Admittedly, there is some ambiguity in the Farm Bill’s definition of hemp extract because liquid extracts cannot be weighed on a dry weight basis (the Farm Bill’s definition of legal hemp extract includes “the plant Cannabis sativa L. and any part of that plant, including … extracts …, whether growing or not, with a delta-9 tetrahydrocannabinol concentration of not more than 0.3% on a dry weight basis”). Congress nevertheless clearly intended to make illegal any intoxicating products derived from legal hemp, based on a clear reading of the Farm Bill and its legislative background documents. We can therefore confidently say that intoxicating delta-9 THC products from hemp violate the spirit if not the actual letter of the law.
The Problem Illustrated
To illustrate the problem of hemp products that contain less than 0.3 percent delta-9 THC concentration but are nevertheless intoxicating, consider these examples. A typical energy bar of 60 grams would be allowed to have up to 180 mg delta-9 THC if limited to 0.3 percent THC concentration by weight. Regulated cannabis edible products, by comparison, typically may be sold only in a serving size of no more than 10 mg, with a limit of up to 100 mg per package. A four gram hemp gummy product, however, could have 10 mg of delta-9 THC and still fall below the allowable concentration threshold.
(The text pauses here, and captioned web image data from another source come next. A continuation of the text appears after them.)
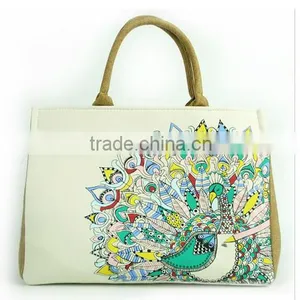 Wholesaler Heavy Duty Canvas Tote Crochet Bag With Art Printing thumbnail-1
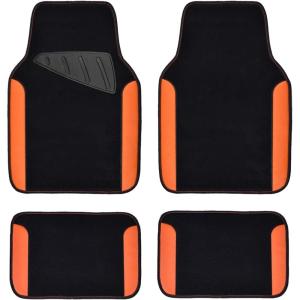 imageCAR PASS Rainbow Waterproof Universal Fit Faux Leather Car Carpet AntiSlip Nibbed Backing Floor Mats for SUV VansSedansTrucks Automotive Set of 4 for WomenampampCute Girly Black with PinkBlack With Orange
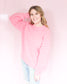 Bright pink thick sweater with ribbed hem round neck and raglan balloon sleeves 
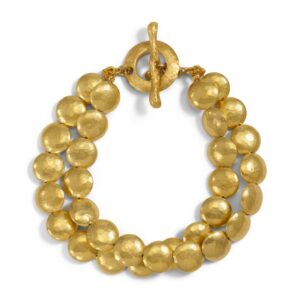 18KY Gold Lentil Bead Double Row Bracelet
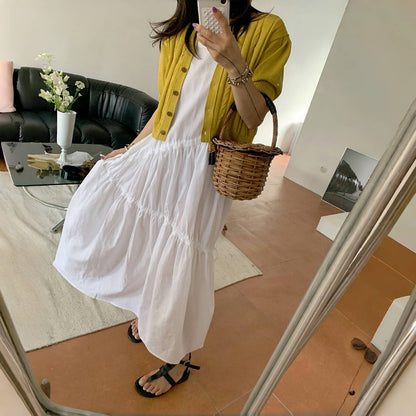 [連身裙] 夏季圓領寬鬆不規則無袖連身裙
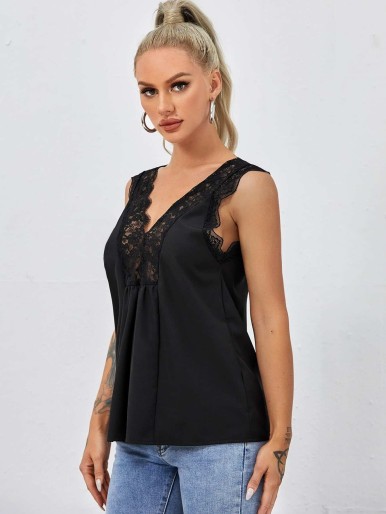 Lace Trim Tank Top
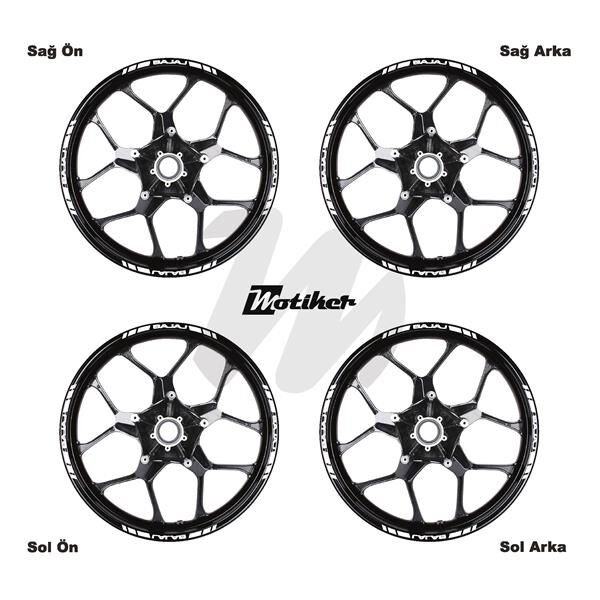 ÇİFT RENK BAJAJ YAZILI KISA KESİKLİ BEYAZ SCOOTER JANT DIŞ ŞERİT STICKER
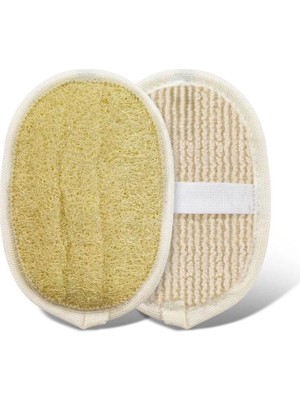 Mythriva Eldione Oval Kabak Lifi, Çift Taraflı Doğal Banyo Kesesi-Antibakteriyel Sağlıklı Bulaşık Süngeri, Seyahat BOY,15X11 Cm, Rovin Kumaşlı,çok Amaçlı Kullanım Cilt Yenileyici Canlandırıcı Etki, Antiselülit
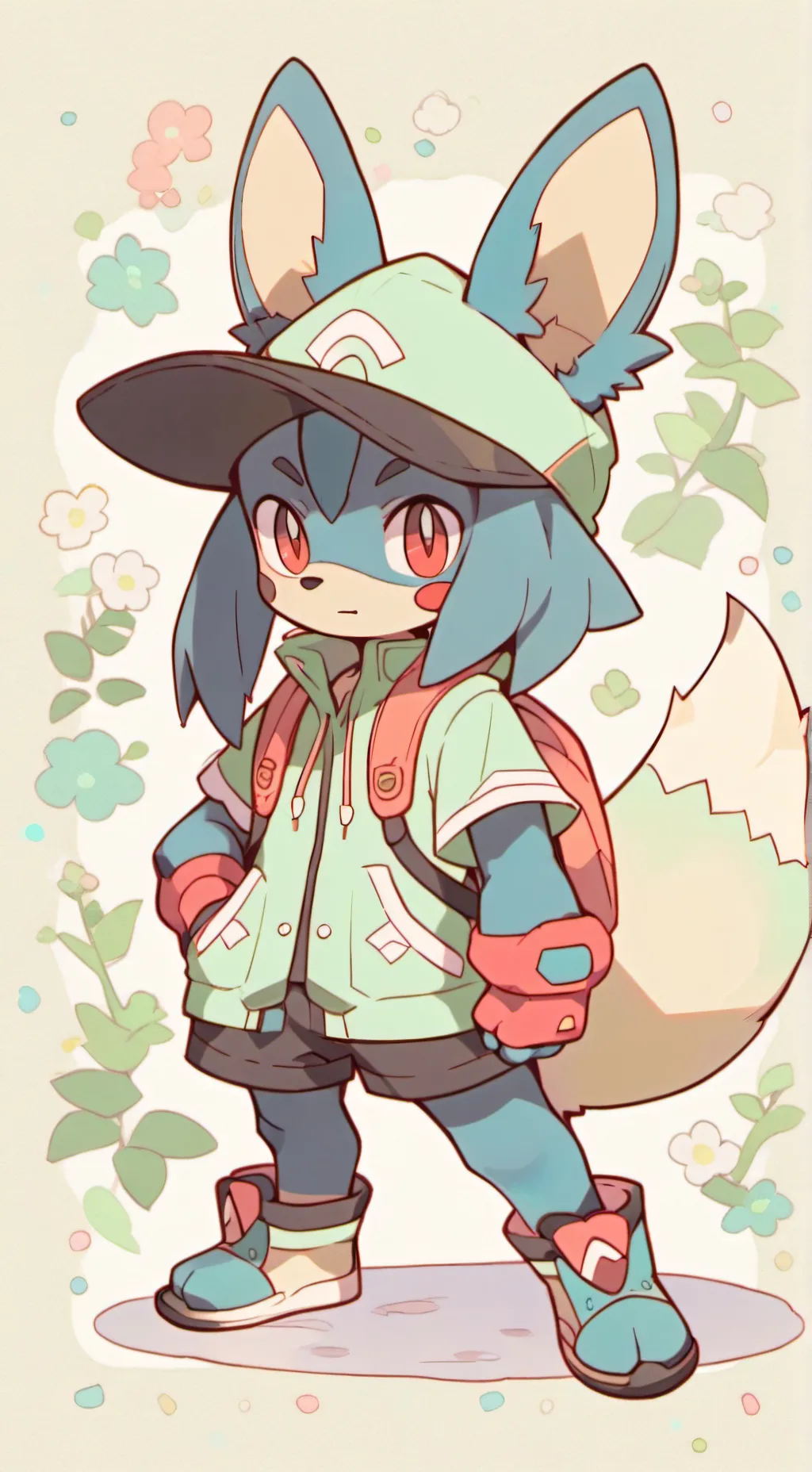 ai character: Lucario  background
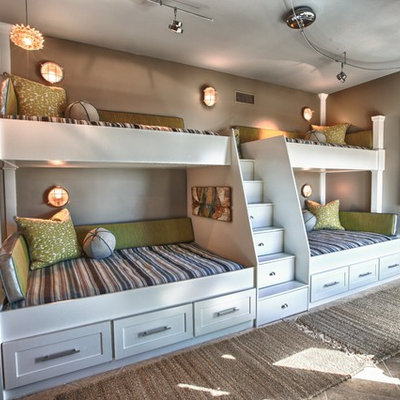 Kids' room - mid-sized coastal gender-neutral ceramic tile and gray floor kids' room idea in Miami with gray walls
As States Race to Catch Up, California Announces a New Approach
As states grapple with how to respond effectively to the problem of unregulated intoxicating hemp cannabinoids being sold openly and online, some may choose to replicate California’s new approach announced within Assembly Bill 45 (AB45), which was signed into law by Governor Gavin Newsom in early October 2021. AB45 allows for hemp-derived cannabinoids, extracts and derivatives in food and dietary supplements with various restrictions. To curtail the growth of new intoxicating products such as delta-8 THC, the bill creates a new definition for “THC or comparable cannabinoid” that includes “[any] tetrahydrocannabinol, including, but not limited to, Delta-8-tetrahydrocannabinol, Delta-9-tetrahydrocannabinol and Delta-10-tetrahydrocannabinol, however derived.” The California Department of Public Health (CDPH) is granted discretion to include or exclude within this definition “any other cannabinoid, except cannabidiol, that the department determines … to cause intoxication.” This provides CDPH with the flexibility to respond quickly to new intoxicating hemp cannabinoid products sold within the state.